The court said on Wednesday that it found an agreement with a previous prosecutor prevented him from being charged in the case.
The 83-year-old comedian, who was once beloved as “America’s Dad”, was convicted in 2018 of drugging and molesting Andrea Constand, a Temple University employee at his suburban estate.
He has spent more than two years of a three-to-10-year sentence at a state prison near Philadelphia.
ITV News US Correspondent Emma Murphy explains why Pennsylvania's Supreme Court declared Bill Cosby's conviction unsafe
Crosby was charged in late 2015 when a prosecutor with new evidence arrested him days before the 12-year statute of limitations expired.
The trial judge initially allowed just one other accuser to testify at Cosby’s trial.
But after the jury deadlocked, he allowed five other accusers to testify at a second trial about their experiences with Cosby in the 1980s.
Bill Cosby arrives home in Elkins Park, Pennsylvania, on Wednesday afternoon, shortly after his release from prison
The Pennsylvania Supreme Court said that testimony tainted the trial. But the law on prior bad act testimony varies by state.
Prosecutors have not said if they will appeal or seek to try Cosby for a third time.
Cosby's lawyer Jennifer Bonjean says the comedian's conviction was 'fundamentally unfair'
Cosby's lawyer Jennifer Bonjean, said: "My reaction to the ruling is I am thrilled and I am pleased that the Pennsylvania Supreme Court saw what we knew all along, which was that Mr Cosby never should have been prosecuted for this for this case.

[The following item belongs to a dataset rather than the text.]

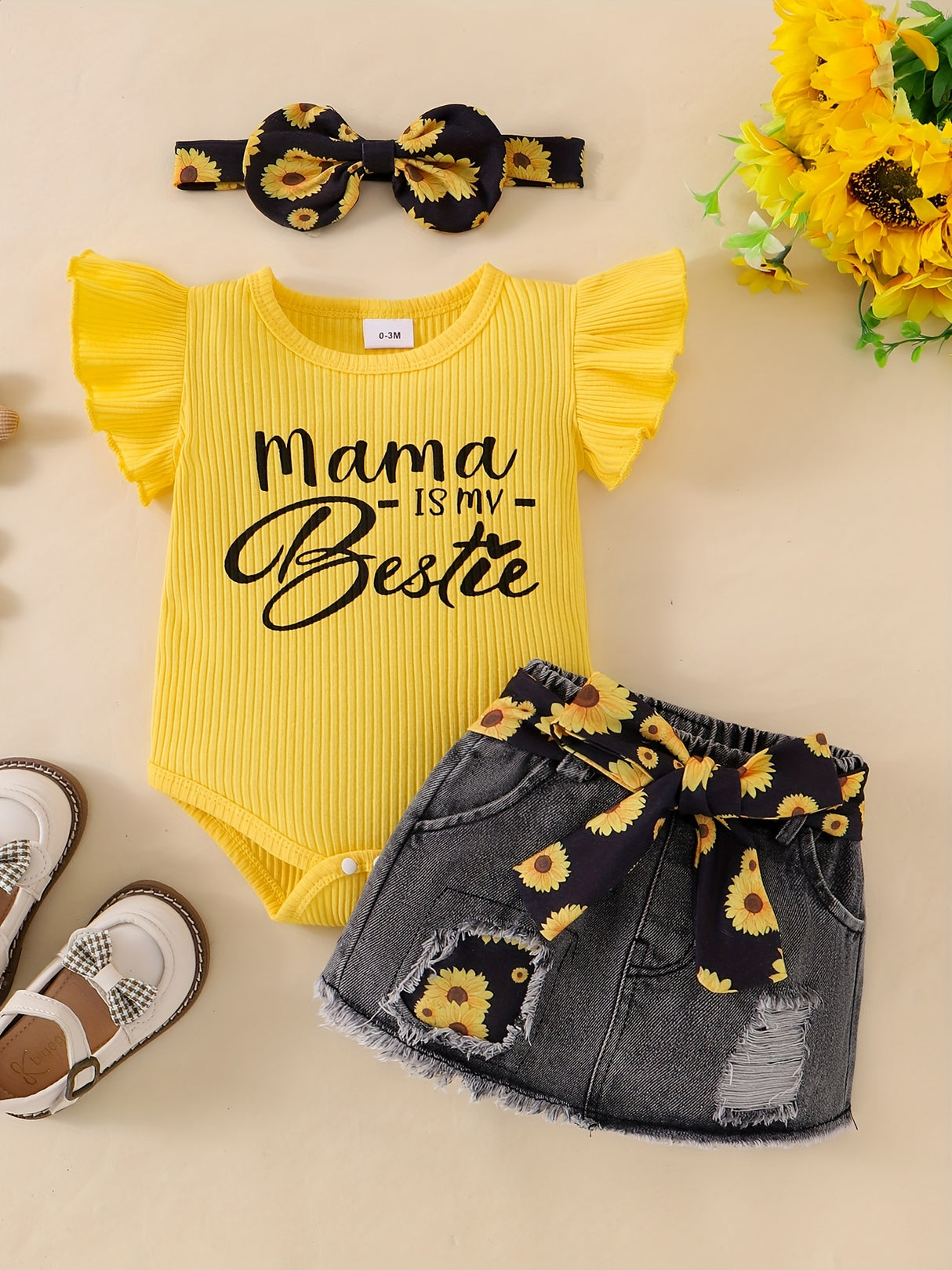 Baby Girl Clothes Newborn Jumpsuit Short Sleeved Denim Skirt with Front End and Baby Clothing Set, 0-18 Months, for Outdoor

"He relied on representations of a prior district attorney and he relied on them to his detriment. And then the current district attorney not only reneged on that promise, but then used his own words against him.
"It is was fundamentally unfair. It was driven by politics. And that's how we got here today.
"And we're quite pleased that the Pennsylvania Supreme Court seems impervious to what is going on on the outside world and all of that pressure that was placed on the criminal justice system from hashtag movements and other and other media, not just not just social media, but mainstream media, frankly."
In May, Cosby was denied paroled after refusing to participate in sex offender programs.
He has said he would resist treatment programs and refuse to acknowledge wrongdoing even if it means serving the full 10-year sentence.
This is the first year he was eligible for parole.
Cosby's spokesperson Andrew Wyatt called the parole board decision “appalling.”
Cosby had invited Constand, a former professional basketball player who worked at his alma mater, to his estate in Pennsylvania the night she said he drugged and sexually assaulted her. Constand went to police a year later.
His other accusers knew the comedian through the entertainment industry and did not go to police.